### DESCRIPTION OF THE TASK
Each line below from the one containing "Kit De 2 Poltronas" through the one containing "2 Pairs, Hyaluronic" should be output exactly as it stands, and no other line should appear.

### MATERIAL TO PROCESS
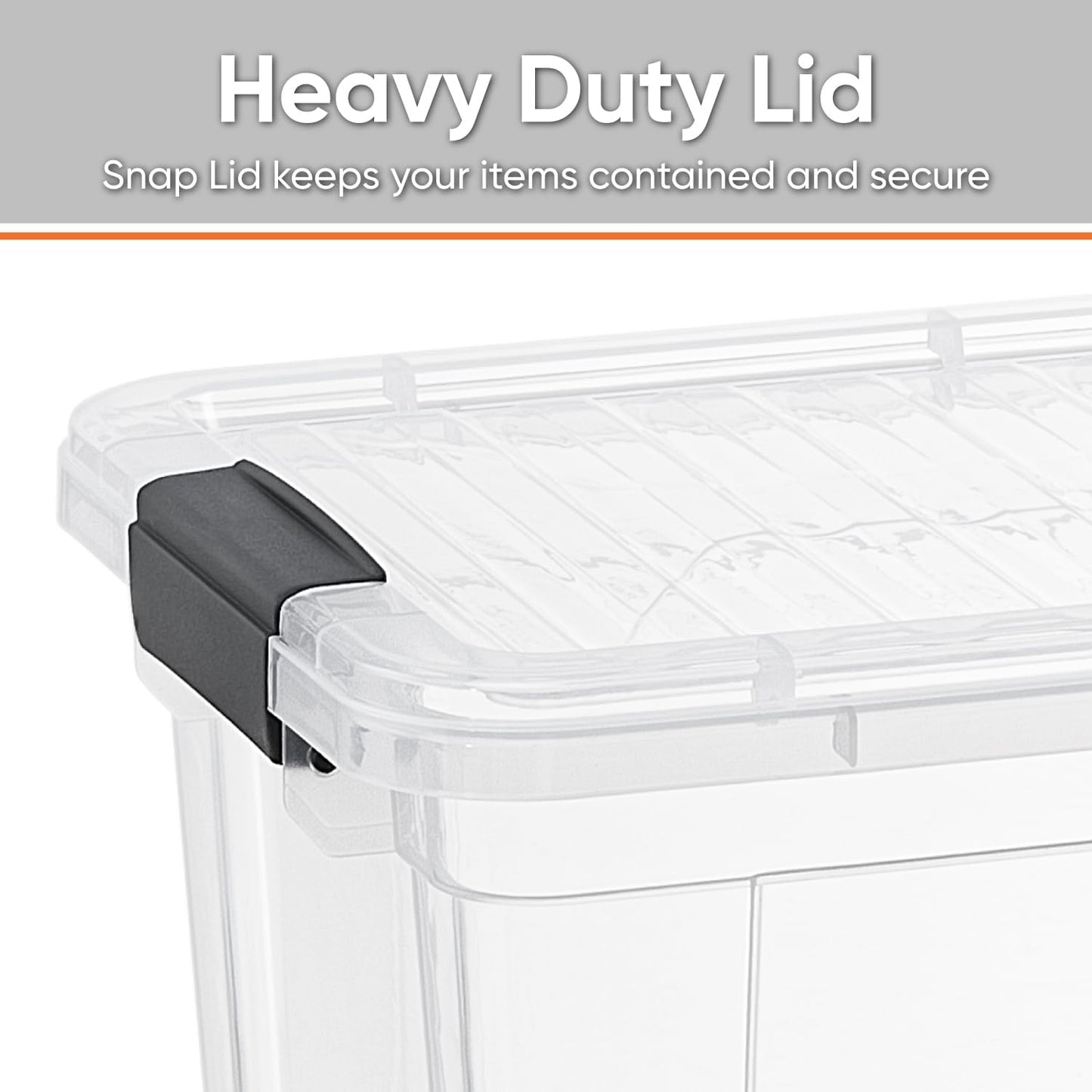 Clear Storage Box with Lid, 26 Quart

---

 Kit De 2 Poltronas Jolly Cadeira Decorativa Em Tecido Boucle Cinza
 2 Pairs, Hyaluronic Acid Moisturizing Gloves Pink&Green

### REPLY
 Kit De 2 Poltronas Jolly Cadeira Decorativa Em Tecido Boucle Cinza
 2 Pairs, Hyaluronic Acid Moisturizing Gloves Pink&Green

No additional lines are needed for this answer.